Nelson Algren: The Man with the Golden Arm
Algren’s best-known work owes something of its reputation to the film version of the book. This is something of a pity for several reasons. Firstly, the book stands in its own right as a first-class portrait of a colourful group of down-and-outs in Chicago’s Near Northwest Side shortly after World War II. Secondly, Algren hated the film and, in particular, he hated Frank Sinatra in the title role. Indeed, he sued but lost. Thirdly, he received no money for the film and did not appear in the credits. This article discusses the film in more detail.

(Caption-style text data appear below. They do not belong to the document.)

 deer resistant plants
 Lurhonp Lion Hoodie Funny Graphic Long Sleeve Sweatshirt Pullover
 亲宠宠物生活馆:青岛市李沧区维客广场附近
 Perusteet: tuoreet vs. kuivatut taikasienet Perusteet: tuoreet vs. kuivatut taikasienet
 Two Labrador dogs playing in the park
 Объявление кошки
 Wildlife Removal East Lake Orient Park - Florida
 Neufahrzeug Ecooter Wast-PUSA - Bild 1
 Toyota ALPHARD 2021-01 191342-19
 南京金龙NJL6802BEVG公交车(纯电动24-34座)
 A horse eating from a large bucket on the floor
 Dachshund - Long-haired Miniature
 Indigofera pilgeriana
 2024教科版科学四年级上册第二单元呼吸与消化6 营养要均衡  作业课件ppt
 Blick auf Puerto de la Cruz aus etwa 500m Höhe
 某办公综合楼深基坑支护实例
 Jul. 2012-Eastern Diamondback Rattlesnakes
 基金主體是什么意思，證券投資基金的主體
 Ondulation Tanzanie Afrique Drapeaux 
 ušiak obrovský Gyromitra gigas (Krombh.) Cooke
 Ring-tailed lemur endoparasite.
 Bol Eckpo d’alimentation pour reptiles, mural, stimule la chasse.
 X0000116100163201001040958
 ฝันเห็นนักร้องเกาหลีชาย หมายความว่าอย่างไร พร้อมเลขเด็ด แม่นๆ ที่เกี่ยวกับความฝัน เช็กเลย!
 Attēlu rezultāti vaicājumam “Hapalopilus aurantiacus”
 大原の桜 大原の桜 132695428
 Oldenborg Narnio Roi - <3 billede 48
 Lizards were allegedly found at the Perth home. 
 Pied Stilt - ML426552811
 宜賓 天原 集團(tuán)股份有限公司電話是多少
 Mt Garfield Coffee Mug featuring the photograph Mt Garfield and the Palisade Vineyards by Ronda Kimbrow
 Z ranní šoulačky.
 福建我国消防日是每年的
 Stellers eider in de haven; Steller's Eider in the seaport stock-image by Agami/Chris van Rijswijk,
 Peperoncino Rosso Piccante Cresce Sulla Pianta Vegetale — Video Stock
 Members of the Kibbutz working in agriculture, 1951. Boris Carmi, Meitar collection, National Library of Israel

The book tells the story of Frankie Majcinek, known as Frankie Machine and The Dealer. Though Frankie is the hero of this book, Algren tells the story of the poor of Chicago, particularly those who had been through the war and suffered in it. Frankie is a would-be jazz drummer (he plays in a jazz band and dreams of greater things – he was Dave Tough, he was Krupa, then he was Dave Tough again without missing a beat. ‘The kid can do it when he feels like it,’ somebody said, and everyone shook his hand to tell him he was as much in the slot with the traps as he was with a deck), a card sharp (hence the nickname The Dealer) and a morphine addict. His addiction to morphine started when he was given morphine following an injury in the war. Drug addiction is a key theme of the book – Algren uses the phrase thirty-five pound monkey on the back and one of the characters makes it clear that you can never get the monkey off your back, even if you stop taking the drug. He is not helped by the guilt he feels towards his wife, Sophie (Zosh). He had married her because she said that she was pregnant. She was not. They went out one night drinking at Owner Antek’s. Frankie had had too many A Bomb Specials (triple shots instead of doubles) and was seriously drunk. He had driven home, scraped a trolley but had crashed into the light standard of the safety island. Neither Frankie nor Sophie seemed badly hurt and Frankie knew a lawyer, Zygmunt the Prospector, who had been disbarred and now called himself a claims adjuster, who could get him off any drunk driving charge. Zygmunt, indeed, got him off the charge and he didn’t even have to pay for the damage to the light. Sophie seemed in a state of shock after the accident but, gradually, she lost the use of her legs. There seemed nothing physically wrong with her but she could not walk and was confined to a wheelchair, becoming increasingly dependent on Frankie. The blessed, cursed, wonderful-terrible God’s-own-accident that had truly married them at last. For where her love and the Church’s ritual had failed to bind, guilt had now drawn the irrevocable knot so fiercely that she felt he could never be free of her again.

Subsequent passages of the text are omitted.